L’artiste se passionne d’autant plus de l’idée d’appropriation de l’image; le déjà existant l’intéresse, mais surtout dans une perspective de transformation de la matière.

Entre évidemment en jeu la question de l’écrit, source inépuisable de questionnement. Il se voit complémentaire au travail de Baillargeon en lui conférant une singularité qu’il travaille toujours à développer.

Une (très) imparfaite généalogie

L’artiste continue en faisant état de l’histoire de cette rencontre entre le texte et l’image en notant  plusieurs points tournants qui permettent au texte – poétique ou narratif – de s’extraire de ce registre convenu de l’écrit. La bande-dessinée, notamment, est vue par Baillargeon comme un lieu qui permet d’assister à la modélisation de l’image et du texte dans un univers issu de la culture populaire.

C’est en fait cette volonté de renouvellement de la vision qu’on a pu avoir de l’écrit – une vision strictement littéraire – qui en marque l’histoire. Le mot devient progressivement outil complémentaire à l’image, facilitant l’orientation du propos ou devenant strictement matière plastique.

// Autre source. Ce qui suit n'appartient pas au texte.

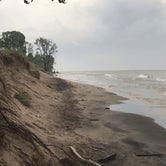 Review photo of Kohler-Andrae State Park by Kathie M., August 15, 2020
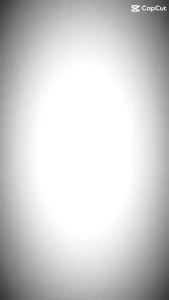 LC.TRADING เสื้อยืดเเฟชั่นใหม่ สกรีนลายแฟชั่นสุดฮิต เสื้อยืดสตรีทแฟชั่น ใส่ได้ทุกลุค สวมใส่สบาย ราคาโปรโมชั่นสุดพิเศษB0292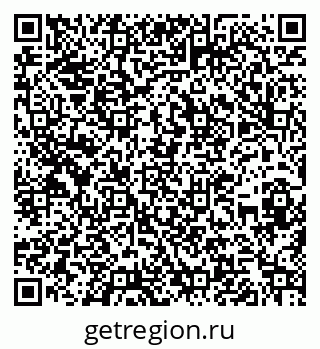 79262030842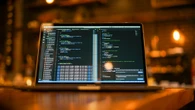 De todos los cursos de programación que hay, estos son los 13 a los que yo me apuntaría 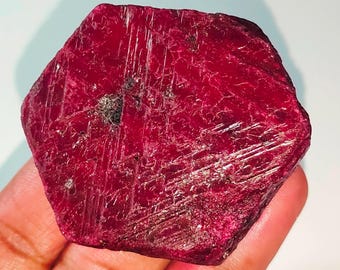 自家製 Corundum Ruby Genuine s-l1200.jpg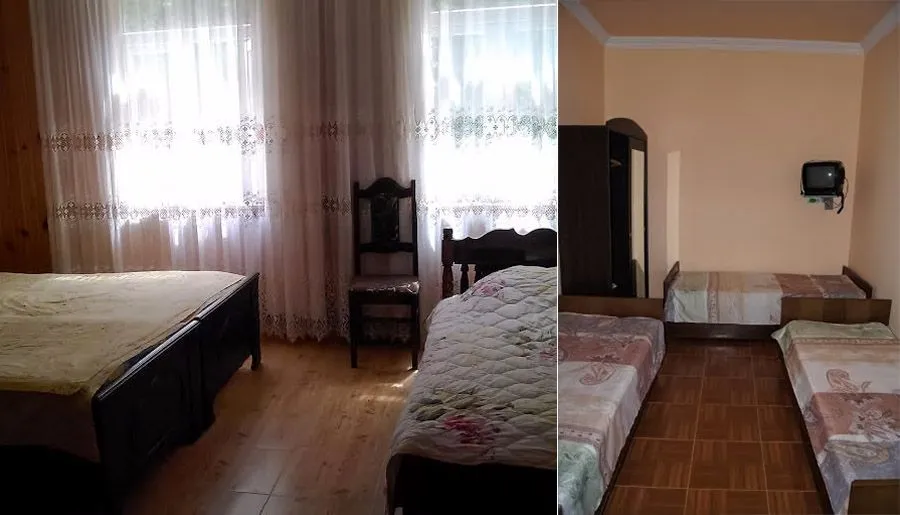კვარი — ფოტო 13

Baillargeon mentionne que cette évolution fait dès lors de la photographie un lieu de questionnement. Le texte offre une voix à l’image en y dirigeant mieux la portée.

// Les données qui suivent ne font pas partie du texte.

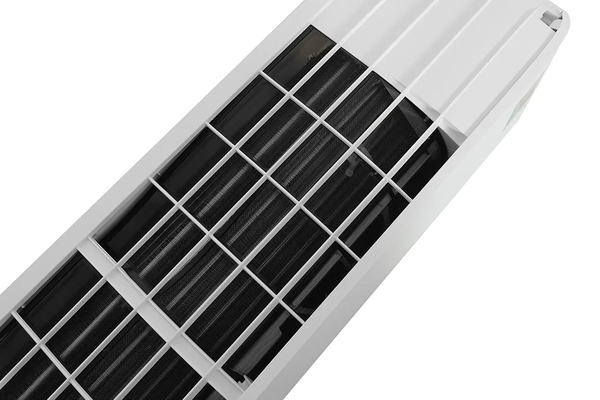 Điều hòa Panasonic 9.000BTU 1 chiều inverter U9ZKH-8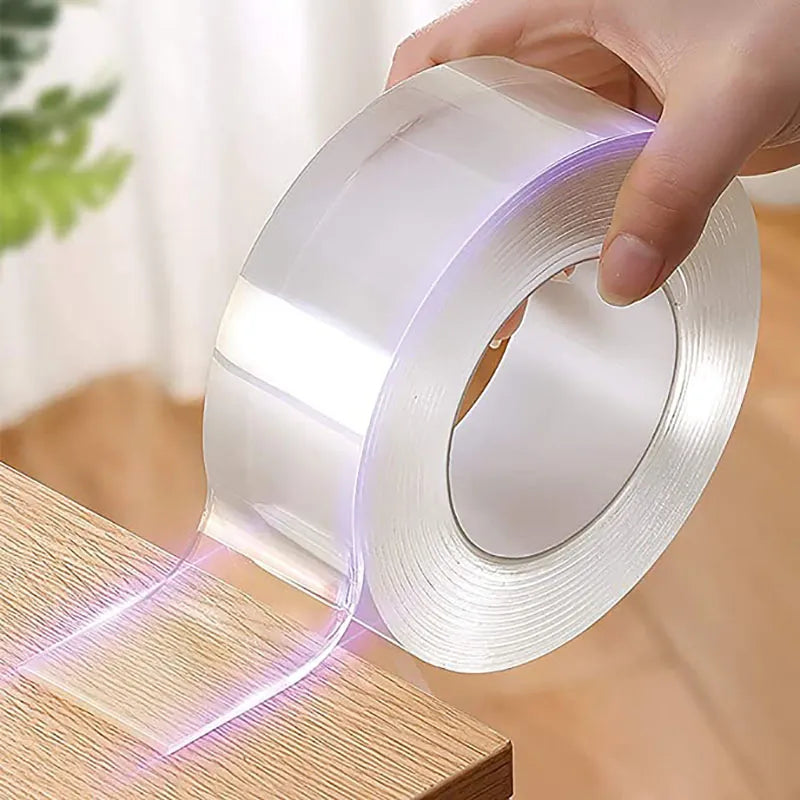 Ultra-strong Double Sided Adhesive Monster Tape Home Appliance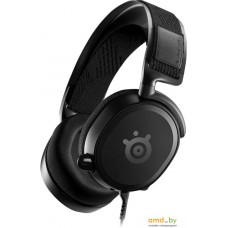 Наушники SteelSeries Arctis Prime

Le sentiment diffus d’une probable filiation

L’artiste aborde alors ses influences personnelles en établissant des ponts avec sa pratique – ancienne comme actuelle.

En prenant le photographe Dwayne Michaels en exemple, Baillargeon mentionne l’importance que l’idée de raconter a toujours eu dans sa pratique. En établissant un récit complémentaire à l’image, qui la prolonge, il fait en sorte de diriger le propos vers le particulier, vers le trait singulier que Richard qualifie d’affect.

C’est là que se situe le lien entre les mots et les images.

La transcription de l’expérience – vécue, ressentie, réelle – est majeure pour l’artiste. En citant le travail de Raymonde April, qui partage cette notion d’expérience par le biais de récits fictifs, il met en valeur le poids émotif qu’il est possible de partager à travers la narration.

L’artiste conclue ce segment de la conférence en revenant sur le sous-titre qu’il lui a lui-même donné : Hommage à Greg Curnoe.

Curnoe use du texte d’une façon que le conférencier croit signifiante : en transposant textuellement, sous forme de grandes toiles, ce qu’il voit de son atelier, le peintre rejoint cette dite dimension affective préalablement mentionnée par Baillargeon. Ce qui est ressenti trône par la transcription de l’expérience première, par l’immédiateté singulière qui se manifeste au sein des tableaux.

Des récits éclatés, des formes mouvantes

Baillargeon termine en abordant son travail personnel.

En retraçant un chemin qu’il entame vers le début des années 80, l’artiste note l’idée selon laquelle la fusion du texte et de l’image se fait progressivement plus serrée, plus fluide.

En rendant compte de ses expériences de voyages, Baillargeon introduit une narration d’autant plus rapprochée de cet affect qu’il cherche à développer. Dans D’Orient, développé en Égypte en 1988 – 1989, l’artiste reprend l’idée du journal de bord monté à l’occasion d’un voyage en y intégrant de courts textes et des images, conçus comme des fragments. Un rappel à cette iconographie du souvenir de voyage, de ces objets auxquels on attache banalement de l’importance.

Le mot, en tant qu’entité individuelle, devient important. Il prend sa place de façon affirmée, se mêle à d’autres pour créer une expression claire, simple. Ils deviennent objets visuels, se suffisent à eux-seuls.

Dans Pays Maya (2000 – 2006), Baillargeon rend tout ce qu’il a pu vivre lors d’un échange Canada – Mexique – travail réalisé, choses observées, gens rencontrés – sous une représentation schématique. Il réfère au lieu, à l’espace, en réfléchissant à cet affect de la rencontre.

L’artiste continue d’explorer, d’expérimenter avec la disposition et le dialogue des mots et de l’image. En découvrant la capacité du numériseur à plat à magnifier l’image, Baillargeon inclut progressivement l’image autre, qui n’est pas la sienne, qu’il s’approprie. Il trouve et adapte ces dites images de façon à créer d’autant plus de liens correspondants entre la picturalité et le littéraire.